Перепишу одно место из естественной истории, которое часто вспоминаю и упоминаю: «Есть на севере река Гипанис, справа от Танаиса текущая в Евксинский Понт; там, пишет Аристотель, рождаются некие зверьки, живущие только день». И чем, скажи на милость, наша жизнь длиннее? Они ведь тоже, как мы, живут и больше, и меньше по своим срокам: одни умирают утром, то есть молодыми, другие к полудню, то есть в вредней возрасте, третьи на склоне дня, — эти пожилые, — четвертые при солнечном закате, эти уже в дряхлой старости, особенно если жили в день летнего солнцестояния. «Сравни наш самый долгий век с вечностью, — говорит Цицерон, — и мы окажемся почти такими же недолговечными, как эти зверьки». Так оно и есть, клянусь Геркулесом, и не знаю, можно ли сказать лучше, раздумывая о краткости жизни. Подразделим ее как нам угодно, умножим счет годов, придумаем имена для каждого возраста — вся человеческая жизнь лишь день, да не летний, а зимний, где один умирает утром, другой в полдень, третий под вечер, четвертый поздно к ночи, этот юным и цветущим, тот возмужалым, а тот иссохшим и увядшим, «как сон, — говорит псалмопевец, — как трава, которая утром вырастает, днем цветет и зеленеет, вечером подсекается, вянет и засыхает».[195]

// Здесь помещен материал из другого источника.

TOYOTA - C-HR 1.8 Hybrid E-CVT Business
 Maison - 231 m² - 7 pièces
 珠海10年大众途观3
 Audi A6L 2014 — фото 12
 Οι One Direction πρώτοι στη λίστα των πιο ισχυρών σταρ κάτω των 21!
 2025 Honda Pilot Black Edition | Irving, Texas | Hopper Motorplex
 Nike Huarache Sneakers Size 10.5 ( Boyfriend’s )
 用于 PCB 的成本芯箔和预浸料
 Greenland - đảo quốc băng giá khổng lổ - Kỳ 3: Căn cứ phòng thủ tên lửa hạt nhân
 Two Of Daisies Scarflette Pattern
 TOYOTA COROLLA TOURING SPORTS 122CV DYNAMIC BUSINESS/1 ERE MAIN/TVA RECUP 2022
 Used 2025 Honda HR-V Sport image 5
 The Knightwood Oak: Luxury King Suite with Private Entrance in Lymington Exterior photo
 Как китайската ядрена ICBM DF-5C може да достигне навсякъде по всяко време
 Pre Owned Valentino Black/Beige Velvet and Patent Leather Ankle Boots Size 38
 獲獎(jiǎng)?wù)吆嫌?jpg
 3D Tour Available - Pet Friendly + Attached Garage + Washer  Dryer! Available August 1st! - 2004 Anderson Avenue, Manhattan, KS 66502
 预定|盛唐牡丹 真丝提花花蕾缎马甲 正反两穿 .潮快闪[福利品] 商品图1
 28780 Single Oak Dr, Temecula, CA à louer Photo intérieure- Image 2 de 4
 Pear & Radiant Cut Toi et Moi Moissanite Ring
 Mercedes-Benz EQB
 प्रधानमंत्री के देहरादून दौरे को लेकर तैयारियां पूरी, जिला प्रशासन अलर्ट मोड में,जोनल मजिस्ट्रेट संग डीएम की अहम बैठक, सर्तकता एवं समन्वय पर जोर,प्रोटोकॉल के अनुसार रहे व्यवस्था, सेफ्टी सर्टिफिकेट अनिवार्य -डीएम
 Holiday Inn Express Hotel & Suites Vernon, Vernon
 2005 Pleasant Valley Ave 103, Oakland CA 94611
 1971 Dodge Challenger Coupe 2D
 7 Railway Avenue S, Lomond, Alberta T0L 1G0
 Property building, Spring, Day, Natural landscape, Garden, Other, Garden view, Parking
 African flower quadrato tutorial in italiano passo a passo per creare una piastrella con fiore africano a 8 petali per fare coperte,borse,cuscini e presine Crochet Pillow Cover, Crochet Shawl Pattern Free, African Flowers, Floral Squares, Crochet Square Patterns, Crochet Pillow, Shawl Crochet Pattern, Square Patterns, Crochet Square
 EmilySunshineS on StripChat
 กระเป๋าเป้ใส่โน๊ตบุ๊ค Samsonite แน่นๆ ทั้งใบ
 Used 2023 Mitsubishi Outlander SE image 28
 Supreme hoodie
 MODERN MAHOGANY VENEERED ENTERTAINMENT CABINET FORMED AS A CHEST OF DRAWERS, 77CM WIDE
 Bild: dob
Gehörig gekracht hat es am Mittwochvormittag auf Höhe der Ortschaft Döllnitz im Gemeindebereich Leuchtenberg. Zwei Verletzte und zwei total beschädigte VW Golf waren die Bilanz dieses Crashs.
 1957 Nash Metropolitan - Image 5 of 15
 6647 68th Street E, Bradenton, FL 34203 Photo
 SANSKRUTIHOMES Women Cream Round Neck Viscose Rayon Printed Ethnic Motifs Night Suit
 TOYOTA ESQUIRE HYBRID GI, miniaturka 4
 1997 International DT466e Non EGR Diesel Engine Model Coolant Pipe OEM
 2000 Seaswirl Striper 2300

Многие умирают стариками, а если верить мудрым людям, всякий умирающий — старик, потому что для каждого конец жизни — его старость; но мало кто умирает созревшим, никто — много пожившим, кроме разве тех, кто убедился, что нет никакой разницы между кратчайшим и самым долгим, однако тоже конечным, временем.Во всем этом деле к моим прежним мнениям ничего не прибавилось, кроме разве того, что, как я уже сказал, в чем я раньше верил знающим людям, в том верю себе, и о чем догадывался, то знаю; мудрецов ведь тоже жизнь, открытые глаза и наблюдательность научили тому, о чем они стали кричать следующим за ними, словно предупреждая остерегаться при переходе через ненадежный мост. То свое письмо я теперь перечитываю с неизменным удивлением и иногда говорю сам себе: «Какое-то благородное семя все же таилось в этой душе; если бы ты вовремя начал его старательней взращивать!»
И я написал все это тебе, предусмотрительнейшему из людей, не чтобы сообщить тебе что-то новое, — не будь тебе самому все известно, едва ли ты поверил бы моим предостережениям, — а чтобы встряхнуть твою и свою память, затянутую паутиной, оплетенную всевозможным хламом, и — как, уверен, ты про себя и делал и делаешь — вместе с тобой настроиться на пренебрежение к краткой жизни и терпение перед неизбежной судьбой, укрепиться душой и с великолепным презрением, как мы, слава Богу, не раз уже и поступали, встретить все суетное, что еще может предложить фортуна нам, людям, запертым в этой тесноте и рвущимся к вершинам. — Всего доброго.
[Ок. 1360]
Письмо к потомкам
Коли ты услышишь что-нибудь обо мне — хотя и сомнительная чтобы мое ничтожное и темное имя проникло далеко сквозь пространство и время, — то тогда, быть может, ты возжелаешь узнать, что за человек я был и какова была судьба моих сочинений, особенно тех, о которых молва или хотя бы слабый слух дошел до тебя. Суждения обо мне людей будут многоразличны, ибо почти каждый говорит так, как внушает ему не истина, а прихоть, и нет меры ни хвале, ни хуле. Был же я один из вашего стада, жалкий смертный человек, ни слишком высокого, ни низкого происхождения. Род мой (как сказал о себе кесарь Август) — древний.[196]
И по природе моя душа не была лишена ни прямоты, ни скромности, разве что ее испортила заразительная привычка. Юность обманула меня, молодость увлекла, но старость меня исправила и опытом убедила в истинности того, что я читал уже задолго раньше, именно, что молодость и похоть — суета; вернее, этому научил меня Зиждитель всех возрастов и времен, который иногда допускает бедных смертных в их пустой гордыне сбиваться с пути, дабы, поняв, хотя бы поздно, свои грехи, они познали себя. Мое тело было в юности не очень сильно, но чрезвычайно ловко, наружность не выдавалась красотою, но могла нравиться в цветущие годы; цвет лица был свеж, между белым и смуглым, глаза живые и зрение в течение долгого времени необыкновенно острое, но после моего шестидесятого года: оно, против ожидания, настолько ослабло, что я был вынужден, хотя и с отвращением, прибегнуть к помощи очков. Тело мое, во всю жизнь совершенно здоровое, осилила старость и осадила обычной ратью недугов.